While other Republican governors, including Florida’s Rick Scott ran as far as possible away from taking the money Kasich had no problem defending his position.
“I don’t know about you, lady,” he shot back at a wealthy party donor who criticized him for it. “But when I get to the pearly gates, I’m going to have an answer for what I’ve done for the poor.”
If the GOP really wanted a clone of Ronald Reagan then Kasich would be their man. But just like Reagan, Kasich has a very independent style that includes a very deeply rooted Christian faith, but it remains to be seen whether he can win over the religious right and the party’s activist base.

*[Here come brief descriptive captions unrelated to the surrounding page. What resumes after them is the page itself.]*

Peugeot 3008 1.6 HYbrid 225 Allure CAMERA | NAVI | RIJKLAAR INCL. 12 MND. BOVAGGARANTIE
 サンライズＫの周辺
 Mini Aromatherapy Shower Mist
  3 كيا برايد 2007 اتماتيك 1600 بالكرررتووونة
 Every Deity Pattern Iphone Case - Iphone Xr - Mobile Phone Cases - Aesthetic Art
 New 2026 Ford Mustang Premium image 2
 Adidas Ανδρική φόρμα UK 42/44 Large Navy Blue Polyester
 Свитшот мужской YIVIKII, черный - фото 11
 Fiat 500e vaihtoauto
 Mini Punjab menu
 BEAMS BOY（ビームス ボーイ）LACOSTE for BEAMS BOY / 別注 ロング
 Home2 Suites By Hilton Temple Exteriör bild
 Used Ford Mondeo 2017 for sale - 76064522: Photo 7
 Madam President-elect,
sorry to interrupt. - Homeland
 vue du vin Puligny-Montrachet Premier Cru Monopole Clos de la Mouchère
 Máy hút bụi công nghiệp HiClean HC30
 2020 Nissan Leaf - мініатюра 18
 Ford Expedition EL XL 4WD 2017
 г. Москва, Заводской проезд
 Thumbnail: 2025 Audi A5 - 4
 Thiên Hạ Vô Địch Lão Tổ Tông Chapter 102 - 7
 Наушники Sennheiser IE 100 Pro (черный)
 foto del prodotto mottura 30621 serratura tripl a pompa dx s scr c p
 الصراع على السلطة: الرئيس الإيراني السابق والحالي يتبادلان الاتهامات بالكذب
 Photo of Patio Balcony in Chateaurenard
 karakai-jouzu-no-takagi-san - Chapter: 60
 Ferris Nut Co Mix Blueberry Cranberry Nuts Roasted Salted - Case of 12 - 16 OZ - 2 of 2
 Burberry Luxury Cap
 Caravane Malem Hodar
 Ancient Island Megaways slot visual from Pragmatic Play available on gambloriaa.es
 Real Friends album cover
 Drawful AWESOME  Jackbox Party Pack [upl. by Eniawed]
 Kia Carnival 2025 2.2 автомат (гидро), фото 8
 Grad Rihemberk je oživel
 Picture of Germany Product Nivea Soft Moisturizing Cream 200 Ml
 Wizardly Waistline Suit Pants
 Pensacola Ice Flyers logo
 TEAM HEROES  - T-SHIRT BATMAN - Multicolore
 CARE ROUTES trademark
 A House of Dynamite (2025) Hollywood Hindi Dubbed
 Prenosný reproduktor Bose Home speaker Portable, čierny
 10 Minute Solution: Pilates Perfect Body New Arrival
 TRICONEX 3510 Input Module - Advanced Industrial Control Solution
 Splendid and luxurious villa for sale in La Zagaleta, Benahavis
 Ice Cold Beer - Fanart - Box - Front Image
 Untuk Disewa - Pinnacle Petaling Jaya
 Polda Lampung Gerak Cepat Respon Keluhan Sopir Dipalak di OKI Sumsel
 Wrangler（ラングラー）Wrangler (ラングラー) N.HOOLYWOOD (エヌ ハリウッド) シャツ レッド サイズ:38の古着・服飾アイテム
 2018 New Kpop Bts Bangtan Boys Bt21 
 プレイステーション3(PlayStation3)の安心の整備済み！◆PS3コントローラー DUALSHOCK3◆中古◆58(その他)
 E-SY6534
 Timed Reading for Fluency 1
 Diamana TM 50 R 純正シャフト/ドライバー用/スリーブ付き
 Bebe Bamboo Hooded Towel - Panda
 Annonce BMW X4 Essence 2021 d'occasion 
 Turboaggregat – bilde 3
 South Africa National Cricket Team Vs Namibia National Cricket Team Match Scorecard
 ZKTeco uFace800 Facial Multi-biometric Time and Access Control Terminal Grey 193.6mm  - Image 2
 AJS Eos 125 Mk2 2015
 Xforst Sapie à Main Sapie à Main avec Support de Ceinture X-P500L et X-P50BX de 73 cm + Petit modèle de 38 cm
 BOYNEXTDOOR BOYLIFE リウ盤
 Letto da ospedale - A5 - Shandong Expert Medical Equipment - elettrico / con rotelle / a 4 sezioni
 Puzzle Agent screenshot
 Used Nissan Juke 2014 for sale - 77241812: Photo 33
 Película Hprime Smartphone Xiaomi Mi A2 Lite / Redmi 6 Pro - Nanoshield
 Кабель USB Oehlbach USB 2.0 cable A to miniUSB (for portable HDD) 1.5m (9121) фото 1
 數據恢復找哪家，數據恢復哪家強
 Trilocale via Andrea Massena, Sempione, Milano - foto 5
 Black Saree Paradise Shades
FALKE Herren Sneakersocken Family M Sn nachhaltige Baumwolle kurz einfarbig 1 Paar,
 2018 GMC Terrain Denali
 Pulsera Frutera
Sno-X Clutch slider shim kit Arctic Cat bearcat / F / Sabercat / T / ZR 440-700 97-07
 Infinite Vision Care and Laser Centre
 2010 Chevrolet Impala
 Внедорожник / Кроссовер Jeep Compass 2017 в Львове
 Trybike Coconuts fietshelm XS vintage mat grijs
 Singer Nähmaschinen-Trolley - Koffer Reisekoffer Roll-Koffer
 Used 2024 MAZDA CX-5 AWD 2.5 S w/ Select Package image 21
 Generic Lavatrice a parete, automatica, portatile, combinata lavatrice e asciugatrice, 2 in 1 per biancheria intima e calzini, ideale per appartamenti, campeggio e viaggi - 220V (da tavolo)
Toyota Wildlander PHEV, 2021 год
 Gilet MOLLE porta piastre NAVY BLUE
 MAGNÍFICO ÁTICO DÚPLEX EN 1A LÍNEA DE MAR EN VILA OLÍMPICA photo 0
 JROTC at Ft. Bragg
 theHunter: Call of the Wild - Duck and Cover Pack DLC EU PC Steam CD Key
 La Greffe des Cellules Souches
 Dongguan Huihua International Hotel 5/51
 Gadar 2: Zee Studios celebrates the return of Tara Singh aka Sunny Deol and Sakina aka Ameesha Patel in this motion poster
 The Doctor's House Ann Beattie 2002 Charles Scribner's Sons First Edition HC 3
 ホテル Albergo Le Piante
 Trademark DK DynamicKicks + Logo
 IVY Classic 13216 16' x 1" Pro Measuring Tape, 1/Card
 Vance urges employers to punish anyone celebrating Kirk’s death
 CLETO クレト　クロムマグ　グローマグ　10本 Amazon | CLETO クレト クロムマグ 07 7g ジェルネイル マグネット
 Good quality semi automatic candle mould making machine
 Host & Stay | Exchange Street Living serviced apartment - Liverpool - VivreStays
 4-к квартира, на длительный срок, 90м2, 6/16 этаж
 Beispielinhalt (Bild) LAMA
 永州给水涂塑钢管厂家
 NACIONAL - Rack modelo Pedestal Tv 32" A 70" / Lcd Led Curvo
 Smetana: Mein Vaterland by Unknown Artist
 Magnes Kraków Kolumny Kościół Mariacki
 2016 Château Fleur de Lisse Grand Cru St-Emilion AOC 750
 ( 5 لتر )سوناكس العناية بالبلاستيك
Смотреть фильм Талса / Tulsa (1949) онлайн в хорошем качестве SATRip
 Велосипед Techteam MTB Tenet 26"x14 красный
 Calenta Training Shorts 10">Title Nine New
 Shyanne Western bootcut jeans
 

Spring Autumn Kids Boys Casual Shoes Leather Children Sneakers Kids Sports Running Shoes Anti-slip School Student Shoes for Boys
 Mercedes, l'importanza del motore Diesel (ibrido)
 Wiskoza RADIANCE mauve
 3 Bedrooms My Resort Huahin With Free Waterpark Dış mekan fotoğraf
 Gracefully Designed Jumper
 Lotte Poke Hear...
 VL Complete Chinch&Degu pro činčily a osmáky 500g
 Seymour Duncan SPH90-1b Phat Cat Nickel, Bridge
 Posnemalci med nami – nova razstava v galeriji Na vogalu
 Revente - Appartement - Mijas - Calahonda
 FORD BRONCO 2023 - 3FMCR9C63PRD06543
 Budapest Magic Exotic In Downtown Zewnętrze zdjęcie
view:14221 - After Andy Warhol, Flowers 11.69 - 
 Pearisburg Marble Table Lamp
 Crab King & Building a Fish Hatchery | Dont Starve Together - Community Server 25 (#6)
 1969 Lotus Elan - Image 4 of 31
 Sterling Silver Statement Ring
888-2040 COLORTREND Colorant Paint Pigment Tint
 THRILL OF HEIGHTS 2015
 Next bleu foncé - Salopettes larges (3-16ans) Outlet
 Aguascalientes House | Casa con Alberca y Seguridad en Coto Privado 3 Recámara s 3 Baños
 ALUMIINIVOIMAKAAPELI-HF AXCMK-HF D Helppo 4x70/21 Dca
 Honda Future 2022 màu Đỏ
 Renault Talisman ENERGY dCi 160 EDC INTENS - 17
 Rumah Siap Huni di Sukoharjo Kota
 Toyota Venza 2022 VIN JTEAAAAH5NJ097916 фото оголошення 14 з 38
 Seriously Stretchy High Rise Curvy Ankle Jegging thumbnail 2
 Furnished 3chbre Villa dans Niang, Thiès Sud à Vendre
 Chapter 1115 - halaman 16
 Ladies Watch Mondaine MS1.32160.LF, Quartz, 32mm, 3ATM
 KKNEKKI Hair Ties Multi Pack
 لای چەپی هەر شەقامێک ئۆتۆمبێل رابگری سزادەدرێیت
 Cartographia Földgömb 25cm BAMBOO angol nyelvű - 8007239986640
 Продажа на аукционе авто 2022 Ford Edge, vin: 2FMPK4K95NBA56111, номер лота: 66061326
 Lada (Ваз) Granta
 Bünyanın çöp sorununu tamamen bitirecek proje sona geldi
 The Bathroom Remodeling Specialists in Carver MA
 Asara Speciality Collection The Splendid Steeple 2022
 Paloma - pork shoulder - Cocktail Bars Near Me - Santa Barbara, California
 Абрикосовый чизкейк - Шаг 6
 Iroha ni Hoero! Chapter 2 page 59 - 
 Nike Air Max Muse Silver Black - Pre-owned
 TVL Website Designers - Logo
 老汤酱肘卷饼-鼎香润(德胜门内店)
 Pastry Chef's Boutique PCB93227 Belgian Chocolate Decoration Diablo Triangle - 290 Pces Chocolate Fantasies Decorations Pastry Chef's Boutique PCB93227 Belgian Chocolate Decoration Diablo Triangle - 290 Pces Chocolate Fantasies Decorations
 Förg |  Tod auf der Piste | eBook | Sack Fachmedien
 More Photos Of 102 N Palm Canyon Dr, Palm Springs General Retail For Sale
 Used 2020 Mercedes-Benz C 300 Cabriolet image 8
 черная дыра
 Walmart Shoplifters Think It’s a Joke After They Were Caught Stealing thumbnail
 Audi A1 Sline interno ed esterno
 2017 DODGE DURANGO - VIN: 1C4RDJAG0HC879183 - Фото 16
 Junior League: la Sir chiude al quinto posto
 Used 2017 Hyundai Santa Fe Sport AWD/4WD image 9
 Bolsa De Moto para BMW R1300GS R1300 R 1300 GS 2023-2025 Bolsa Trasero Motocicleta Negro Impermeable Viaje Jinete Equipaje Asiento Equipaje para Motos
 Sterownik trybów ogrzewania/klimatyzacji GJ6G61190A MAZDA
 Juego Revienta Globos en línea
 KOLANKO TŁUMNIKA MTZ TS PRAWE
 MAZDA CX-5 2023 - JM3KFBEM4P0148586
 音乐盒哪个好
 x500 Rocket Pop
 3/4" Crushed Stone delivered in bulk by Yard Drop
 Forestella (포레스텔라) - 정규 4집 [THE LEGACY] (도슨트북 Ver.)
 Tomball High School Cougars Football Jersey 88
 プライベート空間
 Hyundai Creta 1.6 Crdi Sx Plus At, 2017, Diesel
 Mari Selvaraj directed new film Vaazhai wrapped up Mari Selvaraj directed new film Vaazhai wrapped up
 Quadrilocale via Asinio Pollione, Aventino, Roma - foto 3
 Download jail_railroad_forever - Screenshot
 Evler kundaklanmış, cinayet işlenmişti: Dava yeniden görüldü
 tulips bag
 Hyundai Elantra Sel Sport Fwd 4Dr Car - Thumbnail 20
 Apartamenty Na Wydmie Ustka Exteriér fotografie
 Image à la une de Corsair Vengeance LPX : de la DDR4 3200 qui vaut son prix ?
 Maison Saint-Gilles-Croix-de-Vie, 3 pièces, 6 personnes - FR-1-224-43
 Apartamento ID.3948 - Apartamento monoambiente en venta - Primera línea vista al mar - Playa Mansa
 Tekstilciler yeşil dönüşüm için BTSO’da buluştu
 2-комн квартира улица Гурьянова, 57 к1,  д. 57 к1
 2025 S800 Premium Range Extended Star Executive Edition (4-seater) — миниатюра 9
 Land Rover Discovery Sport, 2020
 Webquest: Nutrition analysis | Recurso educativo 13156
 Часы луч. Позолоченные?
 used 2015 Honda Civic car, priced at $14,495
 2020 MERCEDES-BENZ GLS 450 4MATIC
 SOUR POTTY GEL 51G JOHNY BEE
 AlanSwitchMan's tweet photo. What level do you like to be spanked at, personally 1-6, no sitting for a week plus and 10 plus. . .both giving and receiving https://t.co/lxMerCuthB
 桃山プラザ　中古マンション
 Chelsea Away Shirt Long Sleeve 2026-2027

In a GOP world where candidates continue to move as far right as possible Kasich’s more moderate positions on education and immigration will not make it easy for him resonate with the base. He supports the Common Core education standards and is open, however reluctantly, to creating a pathway for citizenship for those here illegally.
Kasich can talk about his record as a hawk on foreign policy who has called for putting combat troops in Iraq to fight Islamic State. He cut taxes in Ohio by some $3 billion and went much further than Wisconsin Governor Scott Walker to reduce the power of public-sector unions, pushing through a law restricting the issues subject to collective bargaining (although voters later repealed it).
Should the GOP wish to win in 2016 they would be wise to consider listening to Kasich is refreshingly direct, and has a long and successful history of working with both Republicans and Democrats to get things done both in Washington and Columbus.